In response to a potential class action lawsuit filed against it in California last week over the battery life and range of the Leaf, Nissan says the case “lacks merit.”The lawsuit was filed by Humberto Daniel Klee and David Wallak, on behalf of current owners and lessees in California of 2011-2012 Leafs.
It charges that Nissan violated the California Consumer Legal Remedies Act and the Unfair Business Practices Act.
It comes down to Nissan’s advertisement of the electric car’s range as 100 miles. The lawsuit reads:
Unbeknownst to purchasers, the advertised driving range is based on the vehicle’s performance only after fully charging the battery to 100% capacity.
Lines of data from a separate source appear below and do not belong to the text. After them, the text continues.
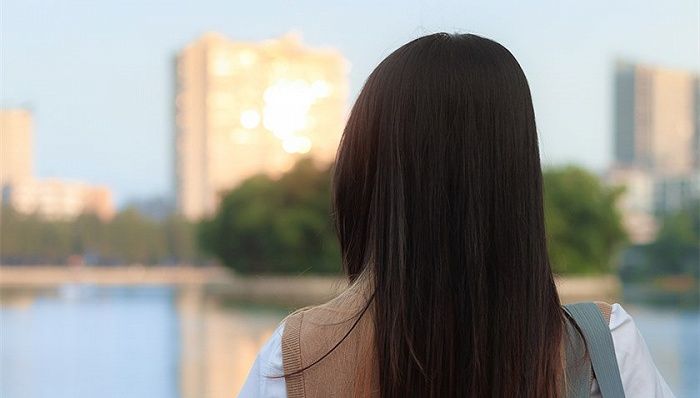 “女子取快递被造谣出轨案”两被告人获缓刑，受害者：道歉已经太...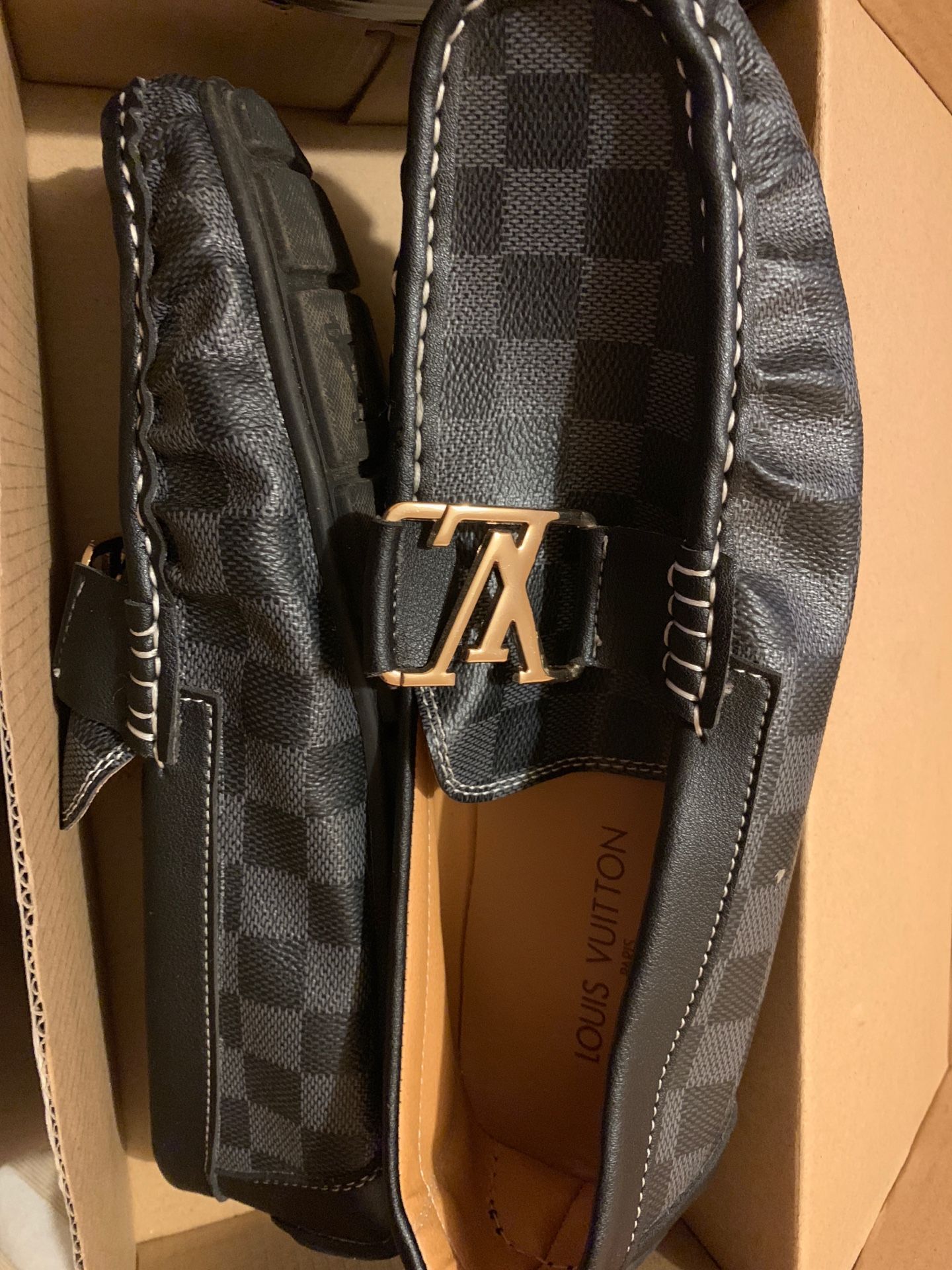 Louis vuitton loafers size 10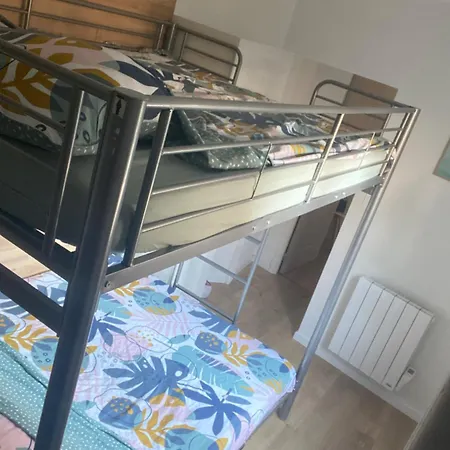 Le Cocon Blanc: T2 Centre Ax Neuf Et Equipe 8 Pers Apartment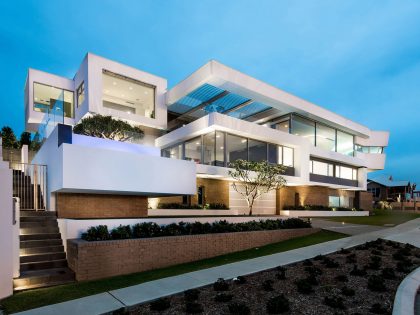 A Spectacular and Dramatic Home with Sophisticated and Spacious Interior in Trigg, Australia by Hillam Architects (13)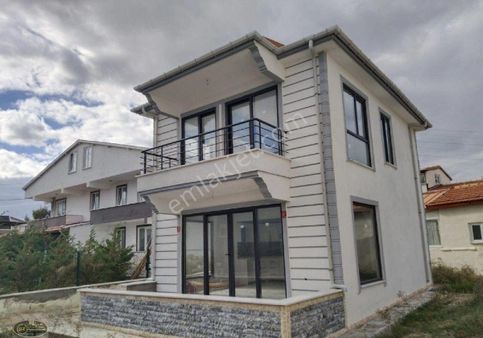 Avsa Adasi Yigitlerde 250 Metre Arsan İçinde Müstakil Villa 3+1 Banyo Wc Amerikan Mutfak Fırsat Fi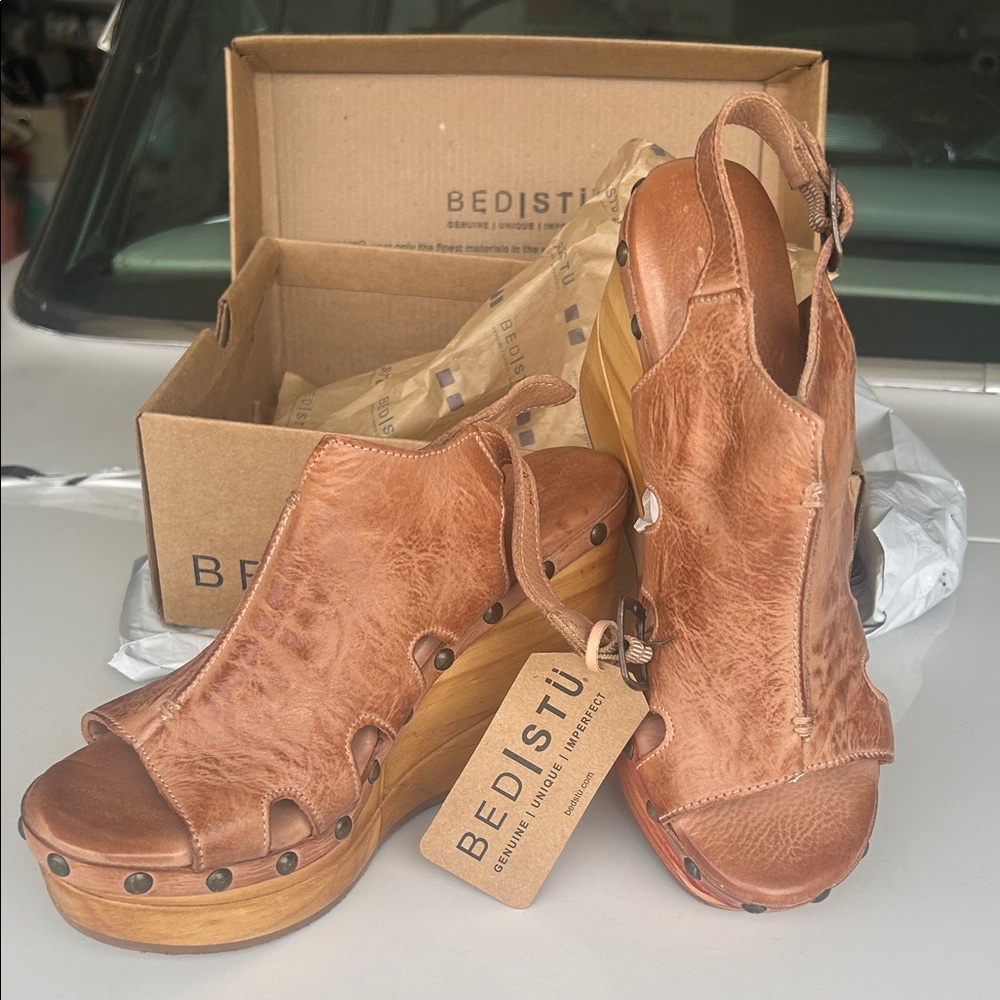 Bed Stu Tan Leather Wood-Platform Wedge Sandals - Picture 2 of 6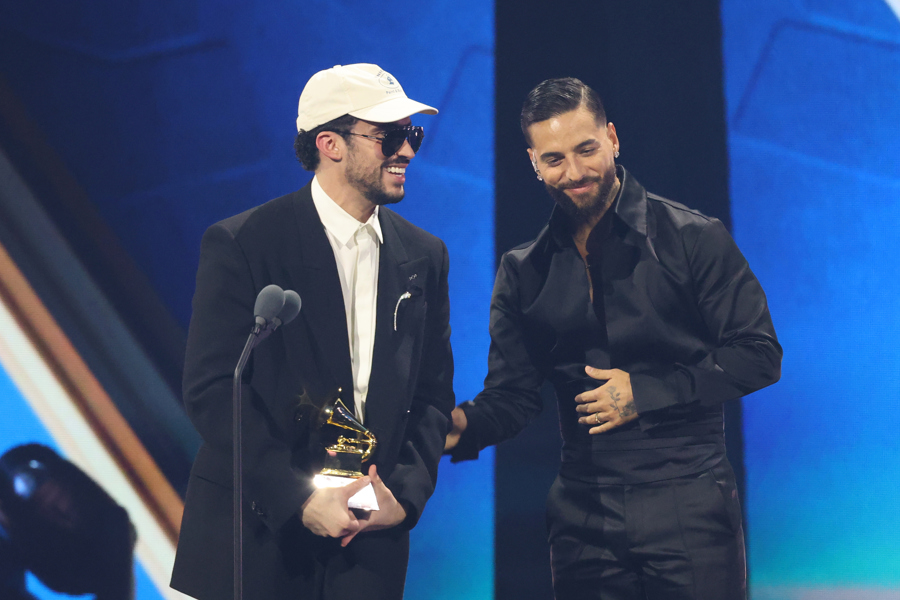 Colombian singer Maluna (R) presents a Latin Grammy to Puerto Rican singer Bad Bunny in Las Vegas, United States, 13 November 2025. EFE/EPA/Octavio Guzman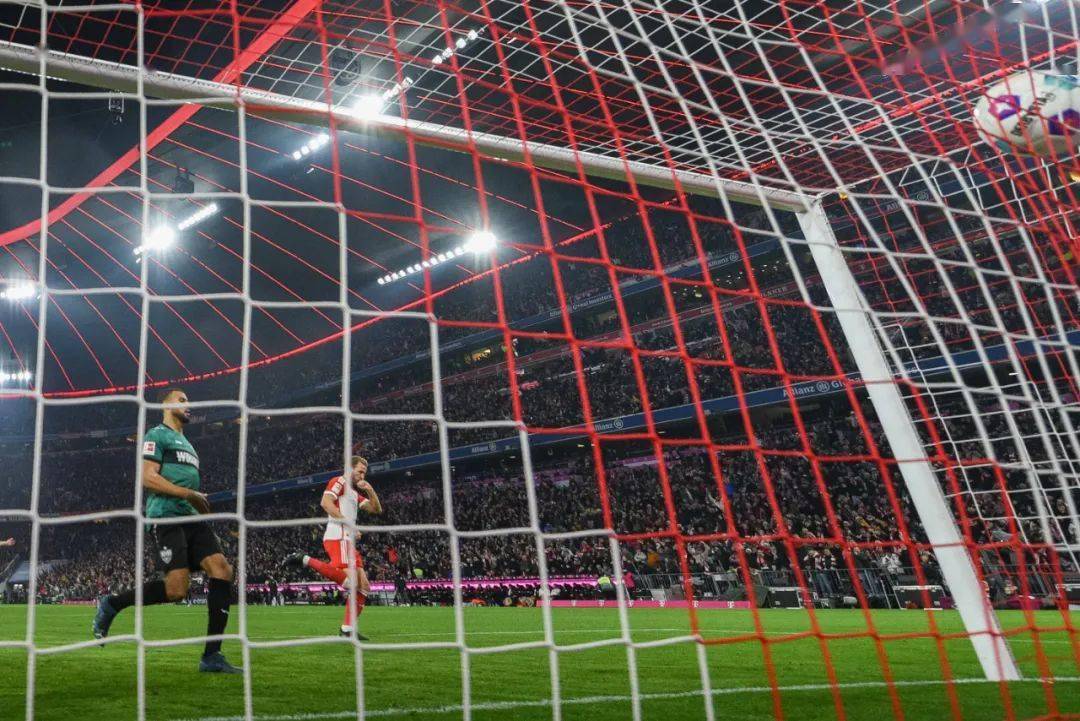 斯图加特球员努力拼搏，斩获重要胜利的简单介绍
In fact, however, charging the battery to 100% causes battery damage, and Nissan expressly recommends that owners not charge their vehicle to 100% in order to maximise battery life and that the battery be charged to only 80% capacity.
Filed in the California Central District Court, the lawsuit also charges that Nissan did not disclose a “thermal management defect” in the battery system that has limited range and battery performance in all 2011-2012 Leaf cars.
Nissan released a statement that does not respond directly to the accusations, but says it has not withheld information or misled owners and potential customers:
Nissan has provided information on how the vehicle works, its estimated range, and factors that can affect both range and battery life through many sources, including the Nissan LEAF website, owner’s manual and detailed written disclosure.
The plaintiffs are seeking an order to stop Nissan using misleading information while selling the Leaf, to send Leaf owners and lessees “corrective disclosures,” to reform its battery warranty, and to replace the battery systems of all the vehicles in question.